= Beginning of Section =

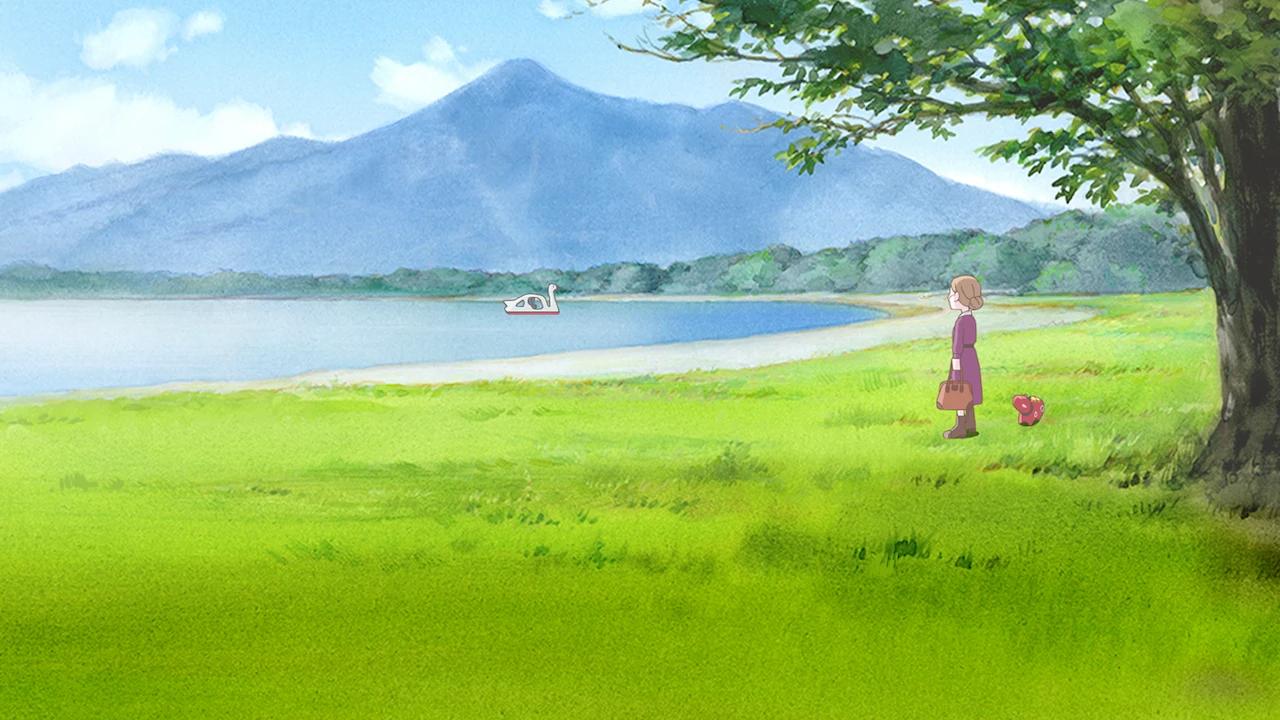 Sophie looks out across a Fukushima lakeside landscape.
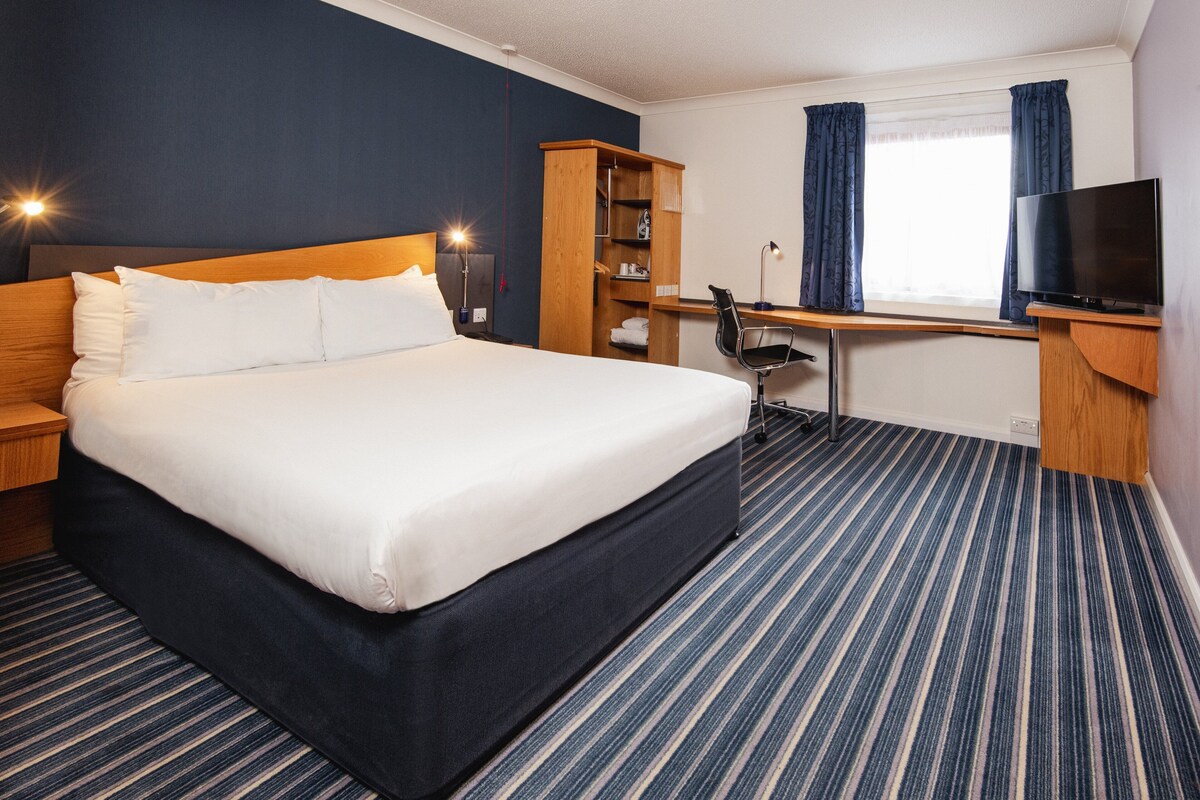Habitación de hotel con una cama grande, un escritorio con silla, un televisor y un armario.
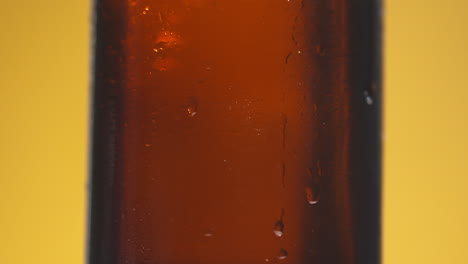 Close-Up-Of-Condensation-Droplets-Running-Down-Side-Of-Revolving-Bottle-Of-Cold-Beer-Or-Soft-Drink-With-Copy-Space-1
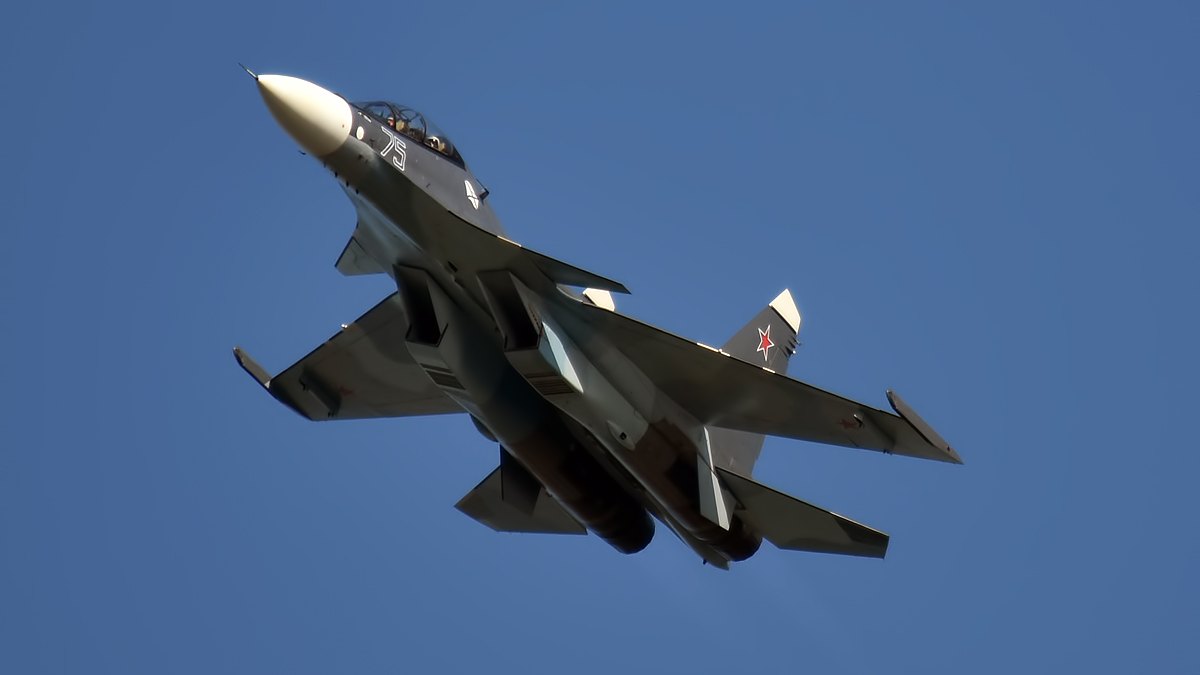 Rosyjski myśliwiec Su-30SM Marynarki Wojennej w locie na tle błękitnego nieba, widoczna czerwona gwiazda na ogonie.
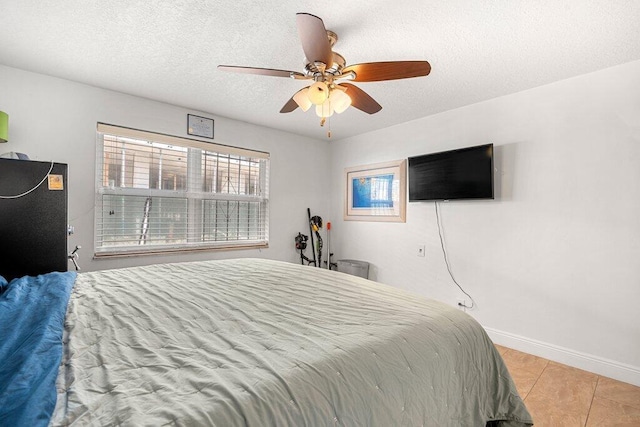 tiled bedroom with ceiling fan and a textured ceiling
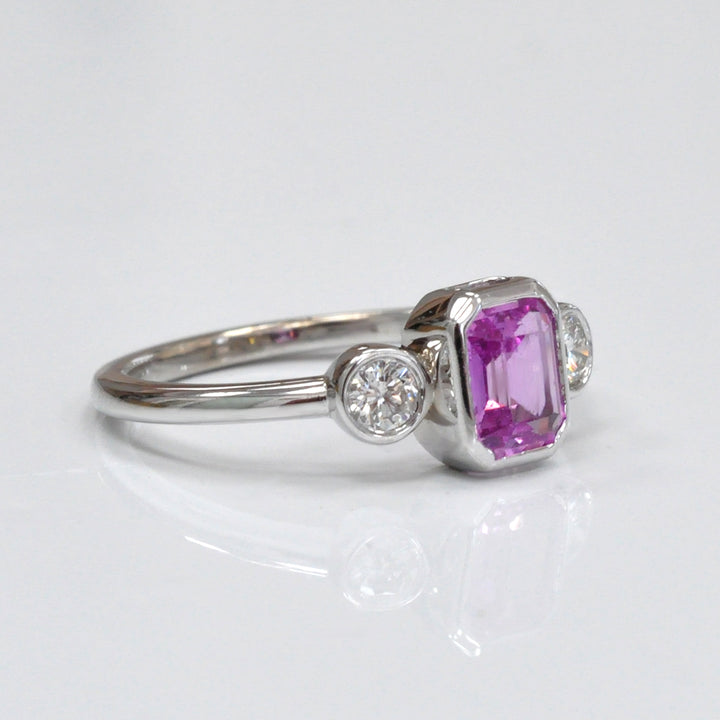 Emerald cut Pink Sapphire &amp; diamonds three stones ring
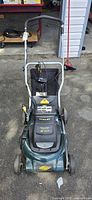 Front view of Yardworks cordless electric lawn mower showing handlebar, cutting deck, wheels and battery compartment.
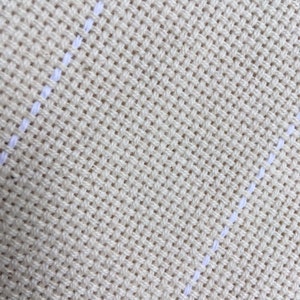 Op de afbeelding: Close-up van een beige stof met witte strepen. De stof heeft een geweven textuur.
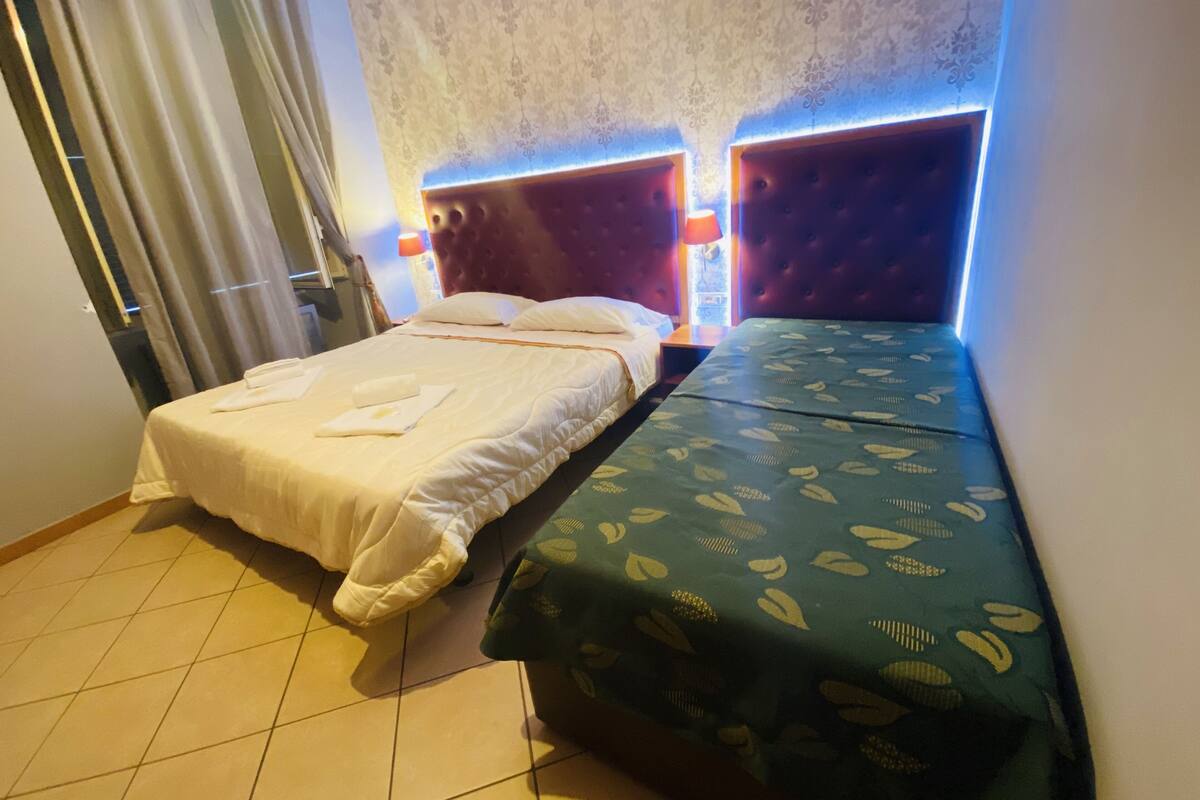 A hotel room with two beds, a patterned bedspread on one bed, a plain bedspread on the other, and a patterned wall.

= End of Section =

Task directions: Quote, without alteration, the lines running from the line containing "Emerald cut Pink" to the last line of the entries, and include no pictures.

Answer space:
 Emerald cut Pink Sapphire &amp; diamonds three stones ring
 Front view of Yardworks cordless electric lawn mower showing handlebar, cutting deck, wheels and battery compartment.
 Op de afbeelding: Close-up van een beige stof met witte strepen. De stof heeft een geweven textuur.
 A hotel room with two beds, a patterned bedspread on one bed, a plain bedspread on the other, and a patterned wall.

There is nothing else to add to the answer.